In some embodiments, the emergency supervision management platform may construct a debris flow risk map based on the independent risk values of the plurality of sub-regions and the positional relationship, and determine the first risk values of the plurality of sub-regions through a risk assessment model based on the debris flow risk map, the risk assessment model being a machine learning model. More descriptions may be found in FIG. 4 and related descriptions thereof.

Step 250, generating a collection instruction based on the first risk value of each of the plurality of sub-regions, a downstream residential density, and the enhanced multimodal data of the plurality of sub-regions, and sending the collection instruction to the emergency supervision internal perception control platform to control an unmanned aerial vehicle (UAV) to collect data based on the collection instruction.
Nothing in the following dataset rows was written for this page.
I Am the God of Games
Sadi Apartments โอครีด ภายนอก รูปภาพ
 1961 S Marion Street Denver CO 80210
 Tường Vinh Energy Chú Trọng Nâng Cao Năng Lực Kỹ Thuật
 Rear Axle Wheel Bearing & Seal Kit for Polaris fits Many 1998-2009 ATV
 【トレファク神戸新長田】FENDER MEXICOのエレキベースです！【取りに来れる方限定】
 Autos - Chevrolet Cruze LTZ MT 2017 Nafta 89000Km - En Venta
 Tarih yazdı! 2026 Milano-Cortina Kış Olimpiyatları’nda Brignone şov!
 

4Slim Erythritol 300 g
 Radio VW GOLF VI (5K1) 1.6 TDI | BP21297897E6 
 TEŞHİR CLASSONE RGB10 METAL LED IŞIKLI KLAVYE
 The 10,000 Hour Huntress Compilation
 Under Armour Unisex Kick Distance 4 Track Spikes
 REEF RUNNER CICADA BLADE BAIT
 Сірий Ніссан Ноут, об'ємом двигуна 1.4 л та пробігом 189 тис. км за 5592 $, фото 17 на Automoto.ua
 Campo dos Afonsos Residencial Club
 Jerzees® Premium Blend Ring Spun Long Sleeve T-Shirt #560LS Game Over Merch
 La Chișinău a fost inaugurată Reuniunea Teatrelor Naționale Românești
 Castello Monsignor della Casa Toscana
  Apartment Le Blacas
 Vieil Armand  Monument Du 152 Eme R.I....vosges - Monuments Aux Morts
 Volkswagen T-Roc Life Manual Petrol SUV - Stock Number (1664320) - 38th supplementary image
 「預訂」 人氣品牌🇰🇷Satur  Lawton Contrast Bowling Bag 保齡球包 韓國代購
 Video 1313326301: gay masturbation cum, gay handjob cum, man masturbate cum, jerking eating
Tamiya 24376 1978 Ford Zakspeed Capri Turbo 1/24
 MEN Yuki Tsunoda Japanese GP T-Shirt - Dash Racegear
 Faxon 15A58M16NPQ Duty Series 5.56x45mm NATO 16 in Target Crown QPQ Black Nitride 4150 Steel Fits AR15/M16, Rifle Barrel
The downstream residential density reflects a residential condition in a region located downstream of the target region. For example, the downstream residential density includes a downstream population density, a downstream building distribution density, or the like.

In some embodiments, the emergency supervision management platform may collect images of the region located downstream of the target region via a UAV and determine the downstream residential density by performing image recognition. Image recognition manners include a convolutional neural network, an object detection algorithm, or the like. In some embodiments, the emergency supervision management platform may obtain the downstream residential density from a civil affairs department through the emergency supervision external perception control platform.

The collection instruction refers to an instruction for controlling the UAV to collect data. For example, the collection instruction includes a collection path, collection point locations, and collection volumes corresponding to the collection point locations.

The collection path refers to a movement route of the UAV during data collection. The collection point locations refer to locations where data is collected. The collection volume corresponding to a collection point location refers to an amount of data collected at the point location.

In some embodiments, the emergency supervision management platform may determine the collection path, the collection point locations, and the collection volumes by querying a first preset table based on the first risk value, the downstream residential density, and the enhanced multimodal data.

The first preset table includes a correspondence relationship between first risk values, downstream residential densities, enhanced multimodal data, and collection paths, collection point locations, and collection volumes. The first preset table may be preset by technical personnel based on empirical knowledge.

In some embodiments, the UAV may move according to the collection path and, upon reaching a collection point location, collect data according to the collection volume corresponding to the collection point location.

In some embodiments, the UAV may collect other data relevant to debris flow occurrence. For example, the UAV may collect vegetation coverage data. The emergency supervision management platform may determine a second risk value of each of the plurality of sub-regions based on the vegetation coverage data, generate a first spraying instruction based on the second risk values of the plurality of sub-regions, and send the first spraying instruction to the emergency supervision internal perception control platform to control the UAV to spray a flocculant based on the first spraying instruction. More descriptions regarding the generation of the first spraying instruction may be found in FIG. 3 and related descriptions thereof.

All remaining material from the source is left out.